History of Tanteri and Pejaten Pottery Village
Tanteri Museum of Ceramic Arts
Established on May 30, 2011, ‘Tanteri’ Museum of Ceramics is located in Tabanan Bali and managed by Tanteri Foundation. This ceramic museum showcases various kinds of pottery and ceramics which have been made in Pejaten as well as various types of ceramics that found in Indonesian archipelago. The name of the museum ‘Tanteri’ has significant meaning. The word ‘Tanteri’ was derived from the name of a very important figure, who has given a large contribution in the development of ceramics craft in Pejaten village. Beside this figure, there are also other people who contributed in the development of ceramic art in Pejaten, namely: I Wayan Kerta, Mangku Kuturan, and I Made Durya.

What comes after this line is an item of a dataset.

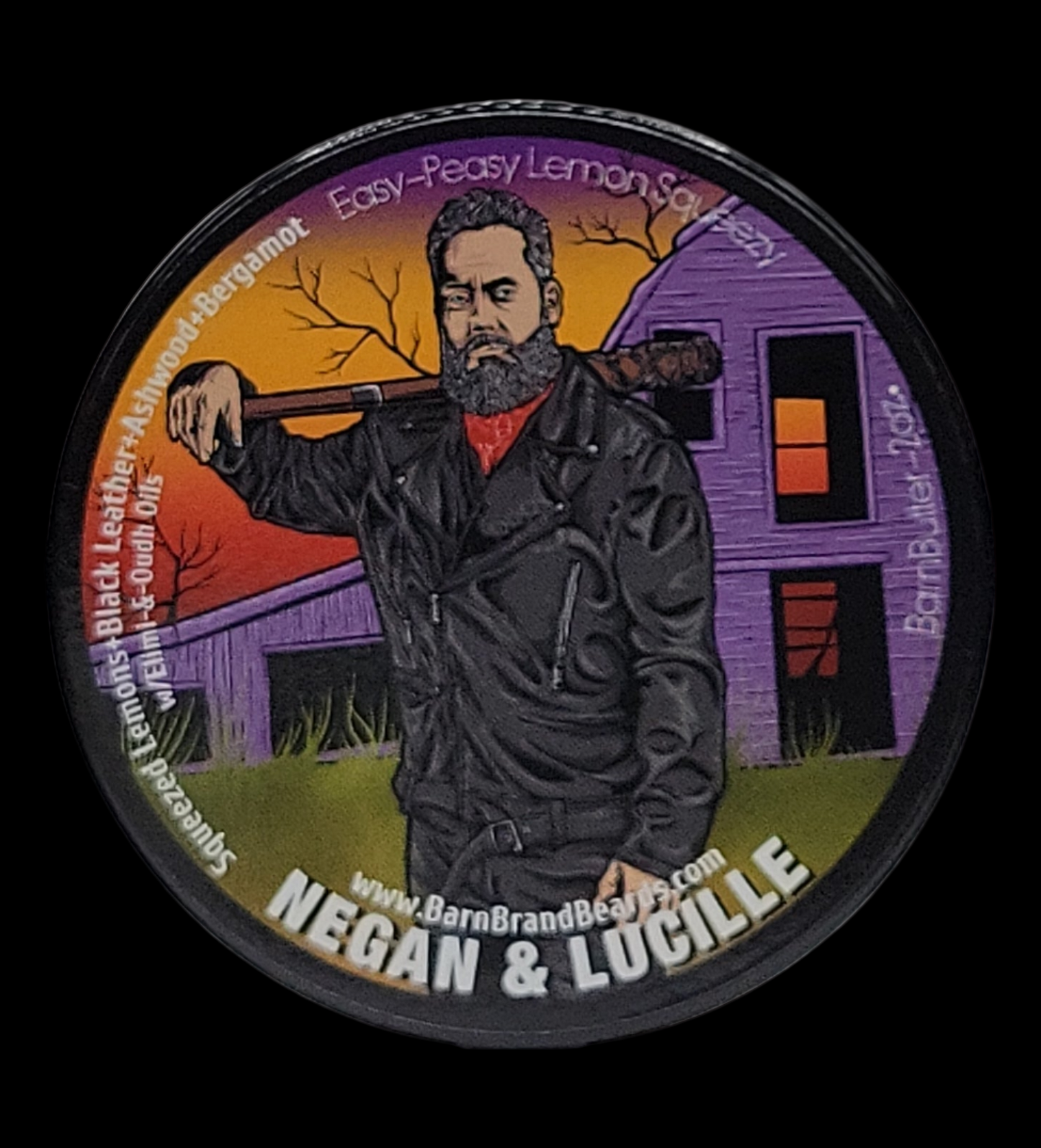 Negan & Lucille BarnButter -2oz.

I Made Tanteri was the head of Pejaten village who gave a lot of attention to the construction and development of ceramic art in this village. He devoted his life for 29 years as the head of the village and because of its pioneering work; in 1986 he has awarded the Upakerti Award from the President of the Republic of Indonesia in Jakarta. Another figure who also contributed to the development of the art of pottery craft in Pejaten village is Hester Tjebbes, an artist and a ceramic consultant from Netherlands who have introduced a ceramics art with high-temperature combustion. Starting in 1984 when he became acquainted with the pottery community in Pejaten village, when then he became very close to the local leaders, I Made Tanteri. At that time the Pejaten village, where most of the villagers were dependent on tile and pottery industry was expected to experience difficulties in obtaining raw materials so that they were asked to find alternative livelihoods. Therefore, in 1985, Hester Tjebbes advised them to make ceramics with high-temperature combustion technique. He suggested that, on the basis that the local people already have the expertise in making pottery. In 1985, a unit of training and development of high temperature ceramics was established with funding from the HIVOS Dutch Foundation.

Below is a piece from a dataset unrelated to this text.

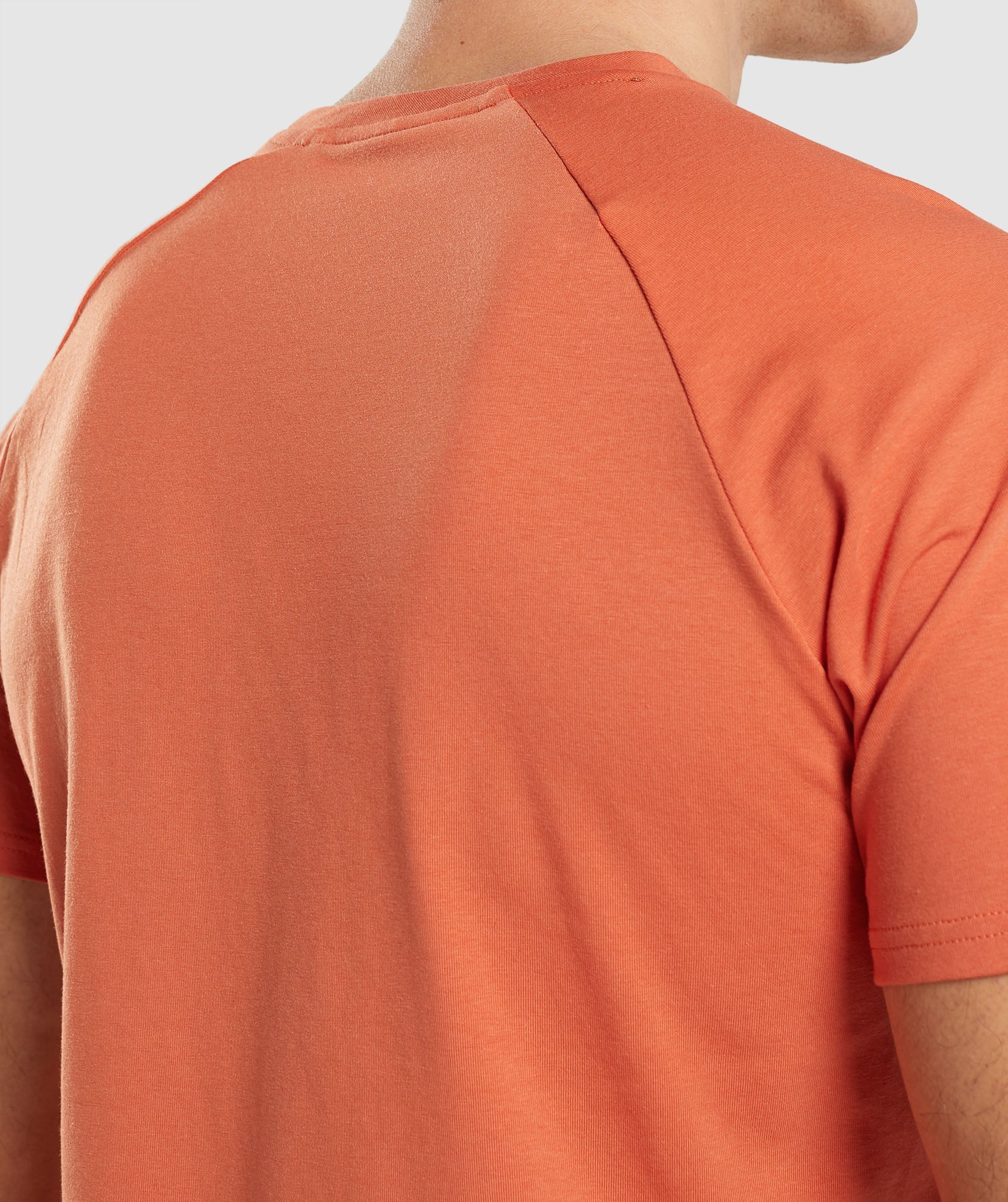 Gymshark Critical T-shirts Herren Orange | 8907654-UI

This training has produced many ceramics workshops which established in almost every corner of the village, like Pejaten Ceramic, Dwisula Ceramic, Ngurah Ceramic, Kuturan Pottery and Ceramic, Trinadi Ceramic, Miasa Ceramic, Tanteri Ceramic, and many others.
Pejaten Pottery Village
Located in the rapid growing South Tabanan area, Pejaten is a small village just 5 kilometers from the famous Tanah Lot that is well known for its sacred temple and stunningly beautiful sunset.
Pejaten is a part of Kediri district, Tabanan Regency and Bali Province. This 1300-square-meter village has been a center of pottery-making for generations, with stronge tradition of pottery-making and has produce vast types of pottery including jars, paso, panels, trays and coblong; a small hole for both kitchen tools and traditional ceremonies purposes.
The tradition of pottery-making has evolved into porcelain ceramic art using high-temperature combustion technique (stoneware 1250 degrees Celsius). The art of ceramic has provided many job opportunities for local communities. Nowadays, we can see many ceramic workshops or studios which scattered in almost every corner of the village, so the village is dubbed as the Pottery Village by the tourists. As a center of ceramics and pottery craft in Bali, this village was visited by 4000-5000 foreign and domestic tourists per years. Most of the foreign tourists who visit come from German, France, and Australia.
The availability of workshop and gallery facility allows travelers to view and directly involved in the manufacture of ceramics, ranging from the clay processing stage to combustion stage.